Moerasssystemen worden al over de hele wereld voor veel verschillende toepassingen
gebruikt. Van een zo goedkoop mogelijke behandeling van ruw afvalwater bij enkele huizen
tot nabehandeling van effluent. De schaal is van klein tot groot, er zijn zelfs
moerassystemen, waarin het afvalwater van honderdduizenden inwonerequivqlenten behandeld
wordt. Het grootste moerassysteem, dat voor dergelijke doeleinden gebruikt wordt is het
Kis-Balaton project in Hongarije, 1800 ha, in gebruik sinds 1985. Kadlec en Knight [7]
geven een goede samenvatting van de kennis over moerassystemen. Op een symposium in Wenen
in 1996 [8] werd een overzicht van de stand van zaken gegeven.
De moerassystemen worden vaak toegepast in droge gebieden om water te kunnen hergebruiken
of als aanvulling van grondwater. Het afvalwater van Muscat, de hoofdstad van Oman, loopt
na passage van een rwzi en een stelsel van vijvers de grond in voor aanvulling van het
grondwater. Het afvalwater van een deel van Kaapstad wordt nabehandeld in een stelsel van
vijvers. In Kommetjie, ten zuiden van Kaapstad, wordt het afvalwater behandeld in een vrij
slecht functionerende oxydatiesloot van het type carrousel, gevolgd door vier vijvers. In
de eerste vijver lag veel slib op het water, in de laatste vijver waren veel waterplanten.
Vervolgens stroomt het water door een meer langs een woonwijk.

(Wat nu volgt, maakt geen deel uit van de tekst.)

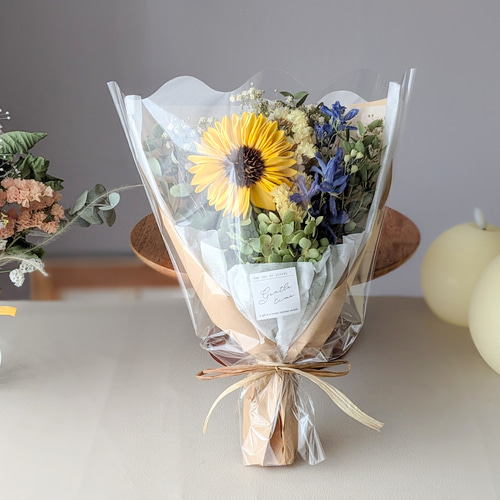 ひまわりと小花のドライフラワーのミニブーケ ドライフラワー mamemona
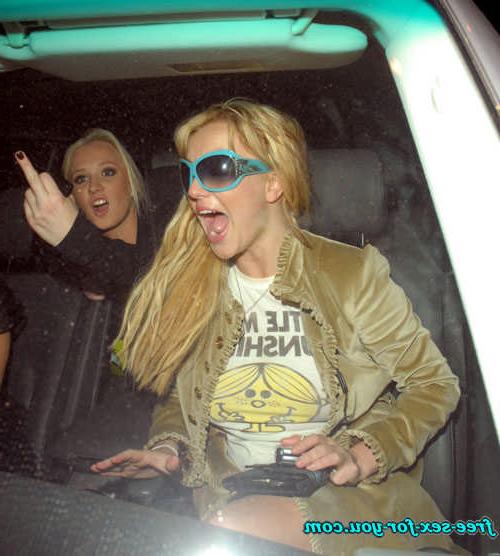 16P Britney Spears showing her shaved pussy paparazzi pictures<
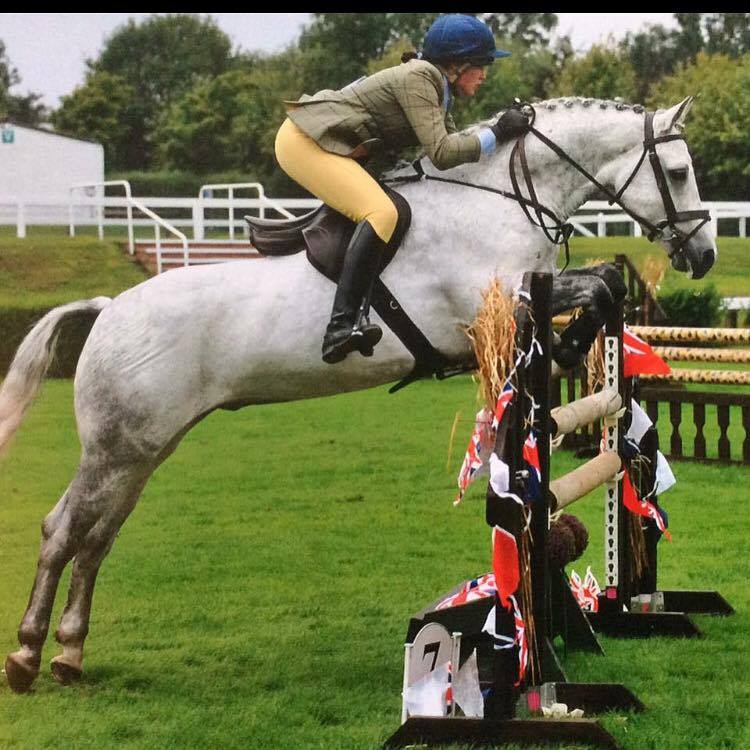 Anna Layfield and Derrygimbla Boy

Het meer, met veel
drijvende en ondergedoken waterplanten, zag er schitterend uit. Helder water, veel vogels.
De toepassingen in Amerika zijn legio. Het afvalwater van Flamingo in de Everglades wordt
na vergaande zuivering in een vijver opgevangen zonder afvoer. In de droge tijd verdampt
het water, in de natte tijd wordt de vijver gevuld.

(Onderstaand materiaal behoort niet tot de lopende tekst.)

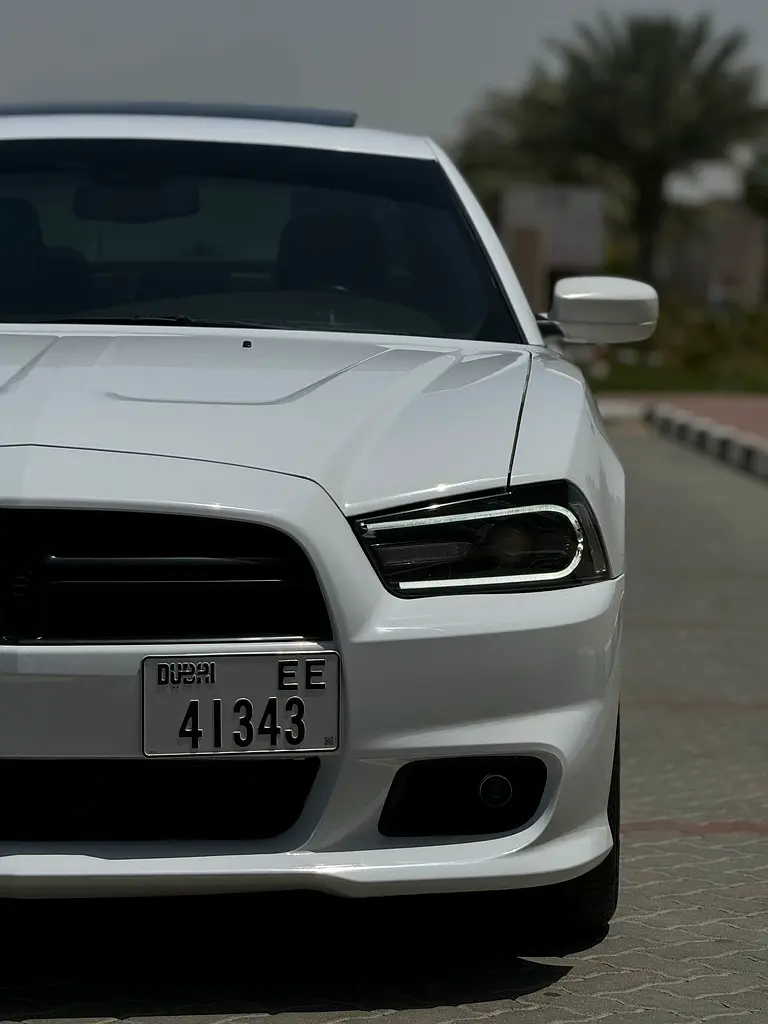 DODGE Charger SXT Plus 2014 - photo 12 - Import Émirats | International Cars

Veel van de moerassystemen zijn vermaard om hun watervogels. In Wenen [7] gaf Knight een
voordracht "Wildlife habitat and public use benefits of treatment wetlands".
Hierin werd aangegeven hoe de functies van afvalwaterzuivering en natuur op een eenvoudige
en logische wijze gecombineerd kunnen worden. Hij geeft voorbeelden van constructed
wetlands, die een nevengebruik als recreatieterrein hebben en voorzien van allerlei
schuilhutten en uitzichtstorens voor waarnemingen van het diereleven in het moeras.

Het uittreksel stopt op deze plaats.